Editor's Pick

Charles Shaw / Getty Images
03 September, 2020

On 23 September 1950, the diplomat Ralph Bunche, seen here addressing the 1965 Selma to Montgomery March, was awarded the Nobel Peace Prize. The first black Nobel laureate, Bunche was awarded the prize for his efforts in ending the 1948 Arab–Israeli War.

A valedictorian both at his high school and at the University of California, Los Angeles—where he also played varsity basketball—Bunche worked several jobs to support his education. He earned a scholarship to Harvard and, besides founding the political-science department at Howard University, rose through the ranks of the state department during the Second World War.

Bunche helped create the United Nations and was put in charge of its trusteeship department, before being asked to assist the special committee mediating a settlement in Palestine. When the chief mediator, Folke Bernadotte, was assassinated by Jewish militants on 17 September 1948, Bunche stepped into the role, concluding armistice agreements between Israel and Egypt, Lebanon, Jordan and Syria. He represented the United Nations in conflict hotspots such as Egypt, Cyprus, Kashmir and Yemen; supported decolonisation efforts throughout the world; and became undersecretary general in 1968.

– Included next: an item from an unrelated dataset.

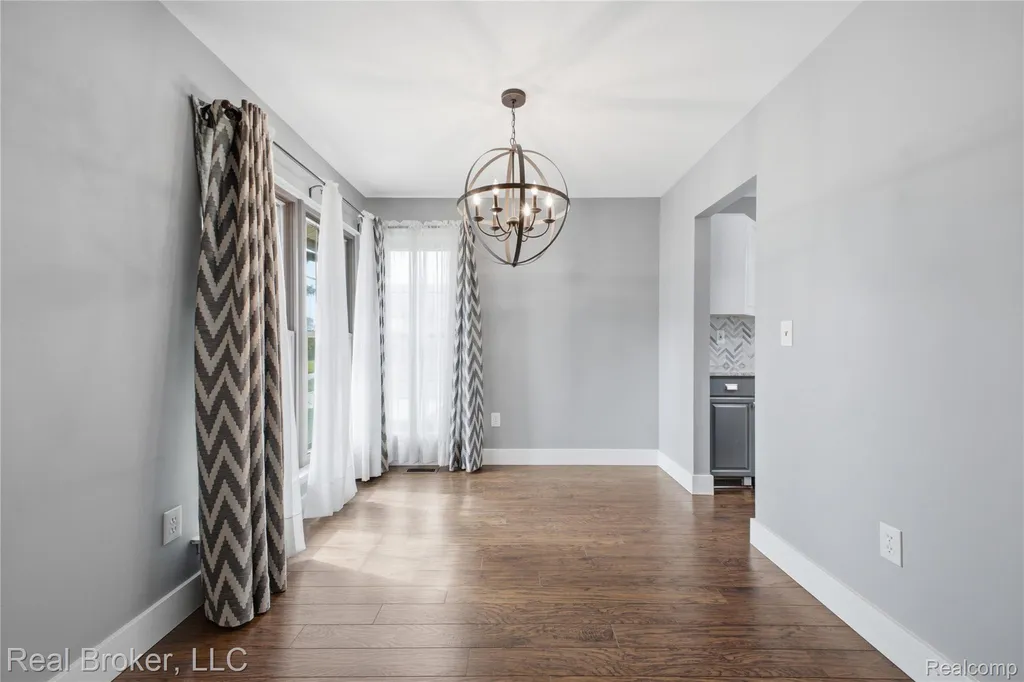 40424 Newport Drive Plymouth Charter Township MI 48170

Although he was sometimes criticised by—and critical of—radical black activists, Bunche served on the board of the National Association for the Advancement of Colored People for 22 years and refused an appointment as assistant secretary of state to protest segregated housing in Washington, DC. Through his academic work and in his speeches, he debunked race science and insisted that segregation was incompatible with democracy. “What we are doing here is an all-American attack on an all-American problem,” he said at Montgomery, on 25 March 1965. “In the UN we have known from the beginning that secure foundations for peace in the world can be built only upon the principles and practices of equal rights and status for all peoples, respect and dignity for all men.”